A few minutes later, I deftly folded half of the eggs onto the other and turned the heat off my stove. Another pinch of salt and my omelet was ready to go.
A warm, golden sensation!
Converting our stories into designs is an often time-consuming and fully-involved process. It requires a watchful eye of the entire product and careful attention to even the most minute details. It requires very intentional branding and compelling messaging. Just one missed moment — or pixel! — can turn a golden egg brown! It requires empathy with your customers (or hungry family), and even some creativity too!
But, even more so than attention to detail, empathy, and creativity, design also requires an aesthetic eye.
Which brings me to our fourth and final step...
Step 4: Plating.
I slipped the omelet onto a plate and finally caved into adding some green onions for flavor. I plopped down onto a seat next to my Dad and hunkered down for what looked to be a fantastic meal.

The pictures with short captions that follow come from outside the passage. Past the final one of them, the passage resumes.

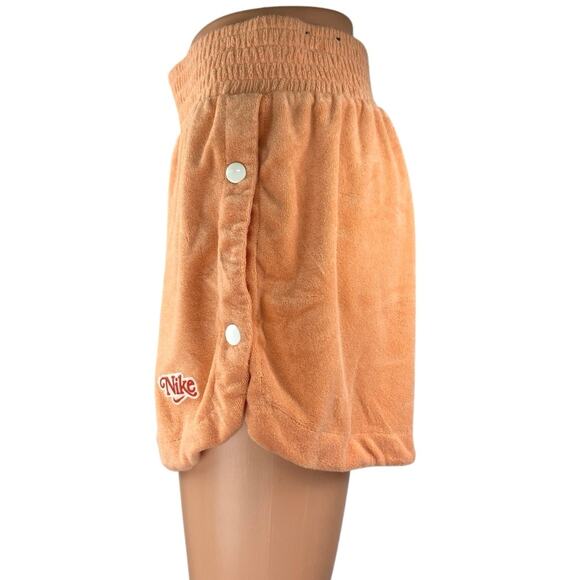 Nike Orange Terry Cloth Snap Button Elastic Waist Athletic Sports Sweat Shorts S - Picture 2 of 5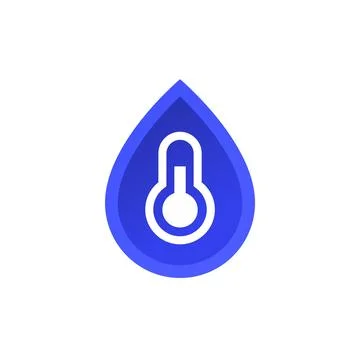 Water temperature icon, vector design on white Stock Illustration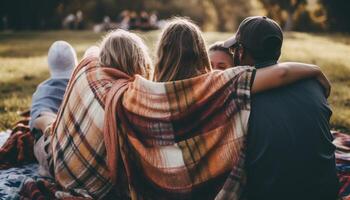 Jeune adultes embrasse nature, souriant et insouciant généré par ai photo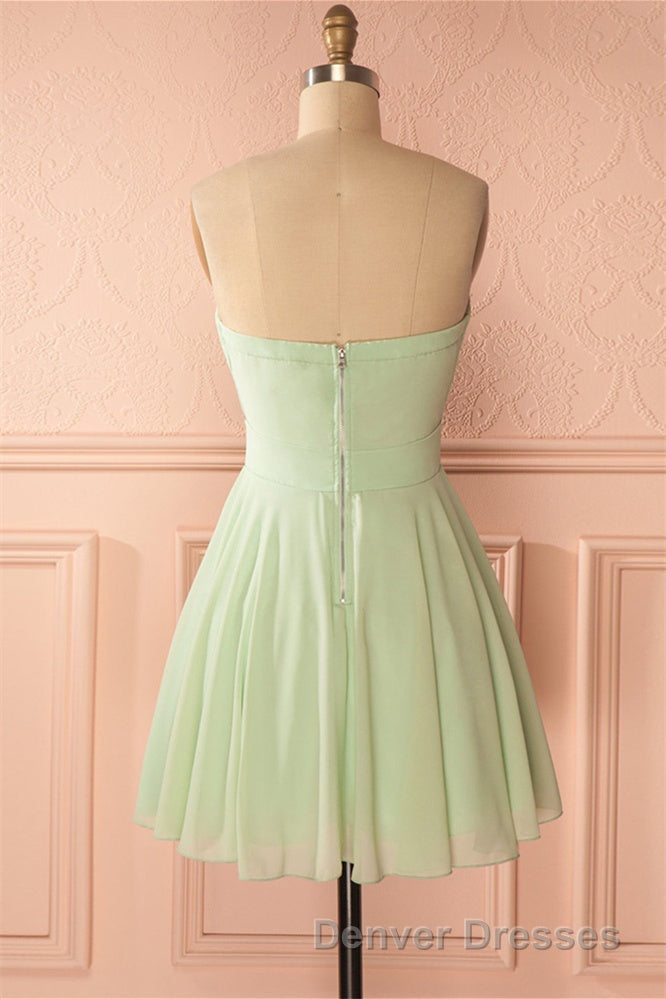 Sage Green Chiffon Strapless A-Line Short Dress Secondary image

My Dad looked over at my plate with my wide eyes. "That looks delicious, Jem!" he crunched.
I beamed back. Looking around at my family's plates, I realized I had cooked a variety of omelets, catered to each individual family member. My sister had lemon zest, since she preferred a bite-y dish. My Mom had feta cheese, to accommodate her flashy palate. And my Dad — well, my Dad got what he wanted, even if it wasn't what I (or anyone) would have wanted.
In the end, I was mindful to each of their preferences and experiences.
And it turns out that the perfect omelet was always the mindful one!